Web page caption snippets

'''

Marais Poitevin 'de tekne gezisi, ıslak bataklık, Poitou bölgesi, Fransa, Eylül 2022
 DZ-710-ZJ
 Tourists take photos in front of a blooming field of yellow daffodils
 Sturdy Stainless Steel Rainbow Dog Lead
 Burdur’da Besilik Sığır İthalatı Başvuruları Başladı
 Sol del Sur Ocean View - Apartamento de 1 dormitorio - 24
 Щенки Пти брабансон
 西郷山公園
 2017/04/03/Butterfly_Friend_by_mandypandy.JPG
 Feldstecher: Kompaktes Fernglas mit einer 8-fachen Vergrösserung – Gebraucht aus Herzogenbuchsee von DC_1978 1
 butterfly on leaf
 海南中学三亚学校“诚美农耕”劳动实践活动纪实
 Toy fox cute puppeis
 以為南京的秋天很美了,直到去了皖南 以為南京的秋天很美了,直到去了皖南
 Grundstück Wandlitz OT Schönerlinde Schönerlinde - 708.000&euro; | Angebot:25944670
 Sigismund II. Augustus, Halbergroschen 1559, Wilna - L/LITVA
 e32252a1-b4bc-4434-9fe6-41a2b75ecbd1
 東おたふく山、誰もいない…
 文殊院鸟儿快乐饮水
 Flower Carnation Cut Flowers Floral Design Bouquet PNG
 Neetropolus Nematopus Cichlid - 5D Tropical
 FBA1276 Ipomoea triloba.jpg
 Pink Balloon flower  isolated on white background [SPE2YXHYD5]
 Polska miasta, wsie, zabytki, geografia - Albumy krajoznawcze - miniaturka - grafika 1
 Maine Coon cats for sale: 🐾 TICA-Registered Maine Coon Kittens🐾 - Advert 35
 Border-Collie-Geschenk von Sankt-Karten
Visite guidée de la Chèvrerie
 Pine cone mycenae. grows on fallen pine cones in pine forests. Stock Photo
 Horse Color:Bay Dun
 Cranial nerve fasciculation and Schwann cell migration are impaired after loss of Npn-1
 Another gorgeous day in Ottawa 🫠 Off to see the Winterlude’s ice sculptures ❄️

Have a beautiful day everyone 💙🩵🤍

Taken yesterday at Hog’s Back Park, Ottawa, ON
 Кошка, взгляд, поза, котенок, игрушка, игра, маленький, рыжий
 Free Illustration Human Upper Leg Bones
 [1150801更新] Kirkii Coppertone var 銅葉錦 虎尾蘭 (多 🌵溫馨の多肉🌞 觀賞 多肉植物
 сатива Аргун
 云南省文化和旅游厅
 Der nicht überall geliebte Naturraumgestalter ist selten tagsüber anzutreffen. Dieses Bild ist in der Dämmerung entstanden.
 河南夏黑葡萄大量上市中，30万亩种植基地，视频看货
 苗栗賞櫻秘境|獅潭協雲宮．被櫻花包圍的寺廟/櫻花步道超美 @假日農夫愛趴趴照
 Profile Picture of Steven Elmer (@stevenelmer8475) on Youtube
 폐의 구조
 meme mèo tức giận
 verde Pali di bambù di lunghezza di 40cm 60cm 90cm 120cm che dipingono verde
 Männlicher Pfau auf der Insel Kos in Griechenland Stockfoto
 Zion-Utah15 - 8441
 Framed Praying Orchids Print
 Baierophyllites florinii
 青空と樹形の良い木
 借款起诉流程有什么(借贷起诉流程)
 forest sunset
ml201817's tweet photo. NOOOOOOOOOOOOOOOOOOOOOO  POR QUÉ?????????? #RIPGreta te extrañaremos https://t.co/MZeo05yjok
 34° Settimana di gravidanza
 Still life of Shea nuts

'''

Print every record exactly as it was given.

• EXERCISE OUTPUT
Marais Poitevin 'de tekne gezisi, ıslak bataklık, Poitou bölgesi, Fransa, Eylül 2022
 DZ-710-ZJ
 Tourists take photos in front of a blooming field of yellow daffodils
 Sturdy Stainless Steel Rainbow Dog Lead
 Burdur’da Besilik Sığır İthalatı Başvuruları Başladı
 Sol del Sur Ocean View - Apartamento de 1 dormitorio - 24
 Щенки Пти брабансон
 西郷山公園
 2017/04/03/Butterfly_Friend_by_mandypandy.JPG
 Feldstecher: Kompaktes Fernglas mit einer 8-fachen Vergrösserung – Gebraucht aus Herzogenbuchsee von DC_1978 1
 butterfly on leaf
 海南中学三亚学校“诚美农耕”劳动实践活动纪实
 Toy fox cute puppeis
 以為南京的秋天很美了,直到去了皖南 以為南京的秋天很美了,直到去了皖南
 Grundstück Wandlitz OT Schönerlinde Schönerlinde - 708.000&euro; | Angebot:25944670
 Sigismund II. Augustus, Halbergroschen 1559, Wilna - L/LITVA
 e32252a1-b4bc-4434-9fe6-41a2b75ecbd1
 東おたふく山、誰もいない…
 文殊院鸟儿快乐饮水
 Flower Carnation Cut Flowers Floral Design Bouquet PNG
 Neetropolus Nematopus Cichlid - 5D Tropical
 FBA1276 Ipomoea triloba.jpg
 Pink Balloon flower  isolated on white background [SPE2YXHYD5]
 Polska miasta, wsie, zabytki, geografia - Albumy krajoznawcze - miniaturka - grafika 1
 Maine Coon cats for sale: 🐾 TICA-Registered Maine Coon Kittens🐾 - Advert 35
 Border-Collie-Geschenk von Sankt-Karten
Visite guidée de la Chèvrerie
 Pine cone mycenae. grows on fallen pine cones in pine forests. Stock Photo
 Horse Color:Bay Dun
 Cranial nerve fasciculation and Schwann cell migration are impaired after loss of Npn-1
 Another gorgeous day in Ottawa 🫠 Off to see the Winterlude’s ice sculptures ❄️

Have a beautiful day everyone 💙🩵🤍

Taken yesterday at Hog’s Back Park, Ottawa, ON
 Кошка, взгляд, поза, котенок, игрушка, игра, маленький, рыжий
 Free Illustration Human Upper Leg Bones
 [1150801更新] Kirkii Coppertone var 銅葉錦 虎尾蘭 (多 🌵溫馨の多肉🌞 觀賞 多肉植物
 сатива Аргун
 云南省文化和旅游厅
 Der nicht überall geliebte Naturraumgestalter ist selten tagsüber anzutreffen. Dieses Bild ist in der Dämmerung entstanden.
 河南夏黑葡萄大量上市中，30万亩种植基地，视频看货
 苗栗賞櫻秘境|獅潭協雲宮．被櫻花包圍的寺廟/櫻花步道超美 @假日農夫愛趴趴照
 Profile Picture of Steven Elmer (@stevenelmer8475) on Youtube
 폐의 구조
 meme mèo tức giận
 verde Pali di bambù di lunghezza di 40cm 60cm 90cm 120cm che dipingono verde
 Männlicher Pfau auf der Insel Kos in Griechenland Stockfoto
 Zion-Utah15 - 8441
 Framed Praying Orchids Print
 Baierophyllites florinii
 青空と樹形の良い木
 借款起诉流程有什么(借贷起诉流程)
 forest sunset
ml201817's tweet photo. NOOOOOOOOOOOOOOOOOOOOOO  POR QUÉ?????????? #RIPGreta te extrañaremos https://t.co/MZeo05yjok
 34° Settimana di gravidanza
 Still life of Shea nuts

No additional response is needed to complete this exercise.